The corner stone of the original building was laid in 1793 by
Washington. The first session of Congress held there was in 1800, while
the building was still incomplete. The original building was finished
in 1811. In 1814 it was partly burned by the British. In 1815
reconstruction was begun, and completed in 1827. In 1850 Congress passed
an act authorizing the extension of the Capitol, which resulted in the
building of the north and south wings, containing the present Senate
Chamber and Hall of the House of Representatives.
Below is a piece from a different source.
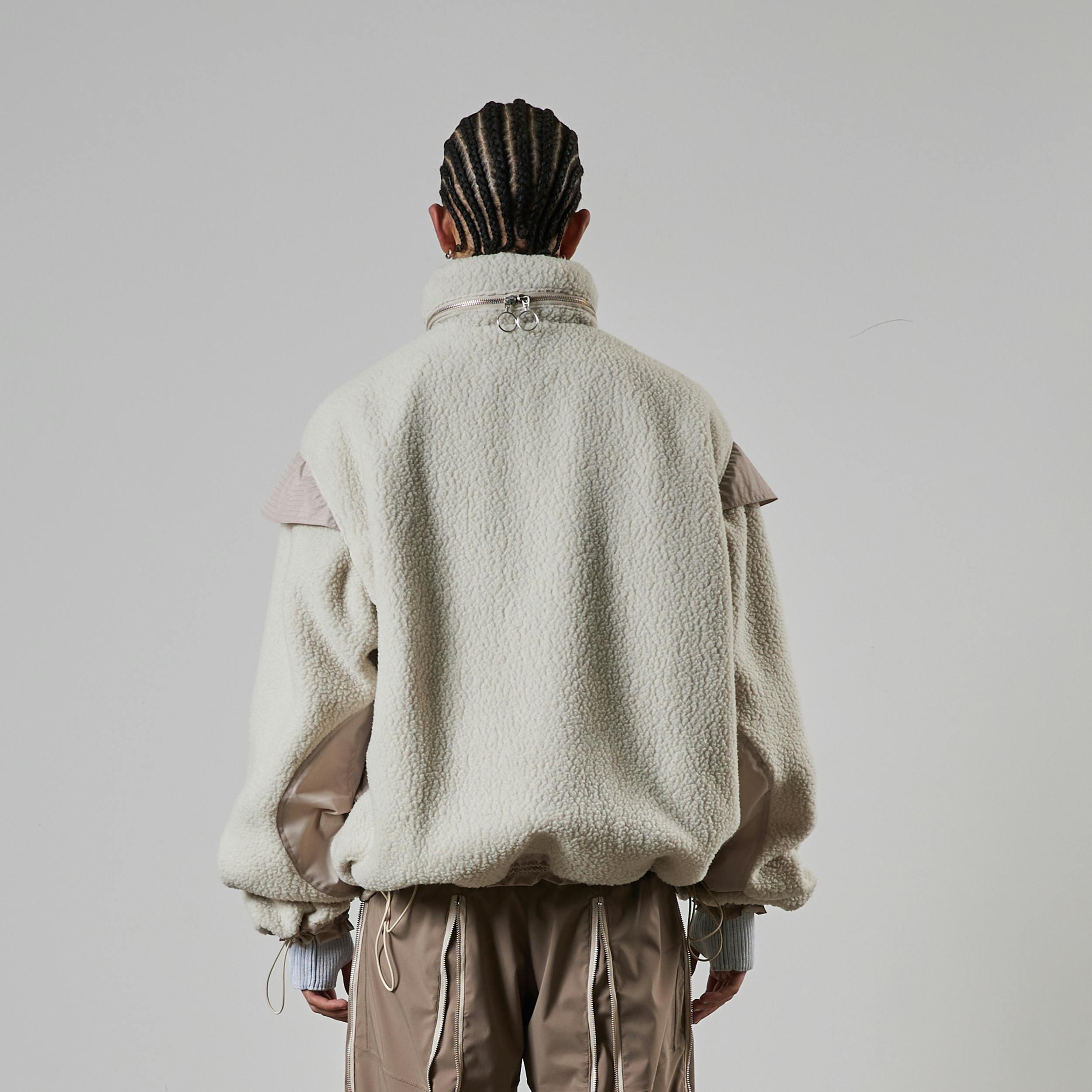 66°North x Charlie Constantinou Hybrid Shearling Jacket (Unisex) - 10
The corner stones of
the extension were laid by President Fillmore in 1851, Daniel Webster
being the orator of the occasion, and the wings were finished in 1867.
Since this time handsome additions in the shape of marble terraces on
the west front have added greatly to the beauty and apparent size of the
building.
[Illustration: FIG. 240.--THE UNITED STATES CAPITOL. LENGTH, 751⅓ FEET;
WIDTH, 350 FEET; HEIGHT, 307½ FEET; BUILDING COVERS 3½ ACRES.]
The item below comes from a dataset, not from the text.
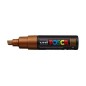 ROTUL-UNI-POSCA PC-8K BRONCE METALICO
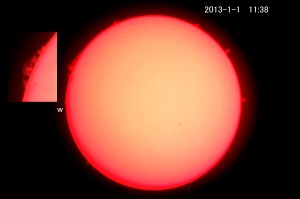 今年初ショット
It is not possible to give anything like an adequate review of the
engineering inventions and achievements of the Nineteenth Century in a
single chapter, and only the most noteworthy have been mentioned. The
modern life of the world, however, has been replete with the resourceful
expedients of the engineer, and the ingenious instrumentalities invented
by him to carry out his plans. There have been about 1,000 patents
granted for bridges, about 2,500 for excavating apparatus, and about
1,500 for hydraulic engineering. In mining the safety-lamp of Sir
Humphrey Davy, in 1815, has been followed by stamp mills, rock-drills,
derricks, and hoisting and lowering apparatus, and lately by hydraulic
mining apparatus, by which a stream of water under high pressure is made
to wash away a mountain side. Apparatus for loading and unloading,
pneumatic conveyors, great systems of irrigation, lighthouses,
breakwaters, pile drivers, dry-docks, ship railways, road-making
apparatus, fire escapes, fireproof buildings, water towers, and
filtration plants have been devised, constructed and utilized. Many
gigantic schemes, already begun, still await successful completion,
among which may be named the draining of the Zuyder Zee, the Siberian
railway, the Panama and Nicaraguan Canals, the Simplon tunnel, the new
East River Bridge, and the Rapid Transit Tunnel under New York City;
while a bridge or tunnel across the English Channel, a ship canal for
France, connecting the Bay of Biscay with the Mediterranean, a tunnel
under the Straits of Gibraltar, and a ship canal connecting the great
lakes with the Gulf of Mexico, are among the possible achievements which
challenge the engineer of the Twentieth Century.